LLM gets things right, when it does, due to the sheer massive information ingested during training, it can use probabilities to extract a right answer from deep in the model.
Humans on the other hand have developed a more elaborate scheme to process, or reason, data without having to read through 1 billion math problems and stack overflow answers. We listen to some explanations, a YT video, a few exercises and we're ready to go.
The fact that we may get similar grades (at ie high school math) is just a spot coincidence of where both "species" (AI x Human) are right now at succeeding. But if we look closer at failure, we'll see that we fail very differently. AI failure right now looks, to us humans, very nonsensical.
While I'd agree human failures are different from AI failures, human failures are necessarily also nonsensical. Familiar, human, but nonsensical — consider how often a human disagreeing with another will use the phrase "that's just common sense!"
I think the larger models are consuming in the order of 100k as much as we do, and while they have a much broader range of knowledge, it's not 100k as much breadth.

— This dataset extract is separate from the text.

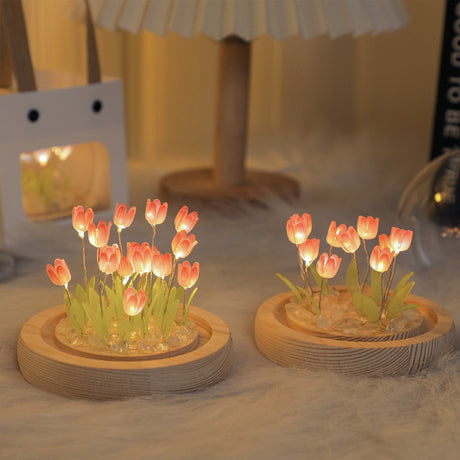 (Ten Blue Tulips) Glowing Tulip Dome Lamp - Wooden Base, Bedside Table Decoration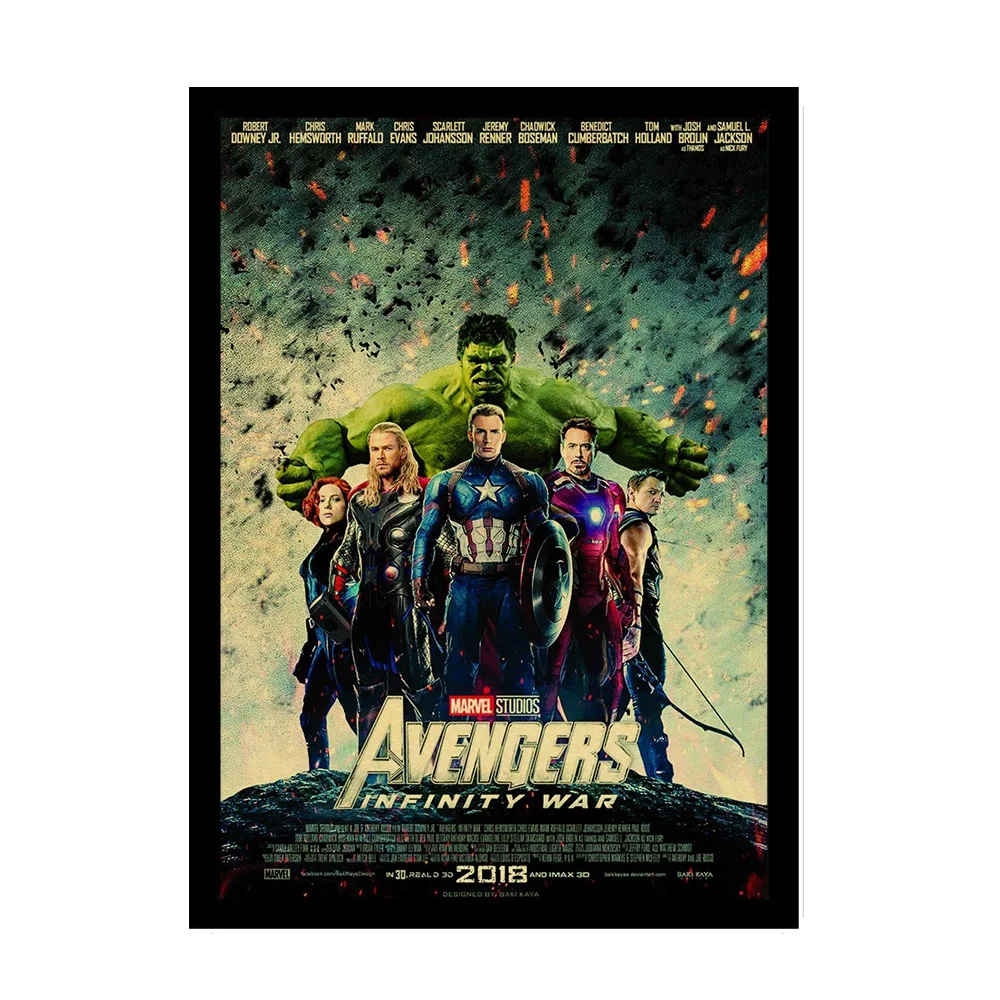 Vinatge фильм Marvel Мстители Бесконечность Войны Плакат крафт-бумага напечатаны ретро постеры с супергероями домашний Декор стены стикеры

Nah, human failures look equally nonsensical. You're just more attuned to use their body language or peer judgement to augment your reception. Really psychotic humans can bypass this check.
> Humans on the other hand have developed a more elaborate scheme to process, or reason [ ... ] We listen to some explanations, a YT video, a few exercises
Frequent repetition in the sociological context has been the learning technique for our species. To paraphrase Feynman, learning is transferring.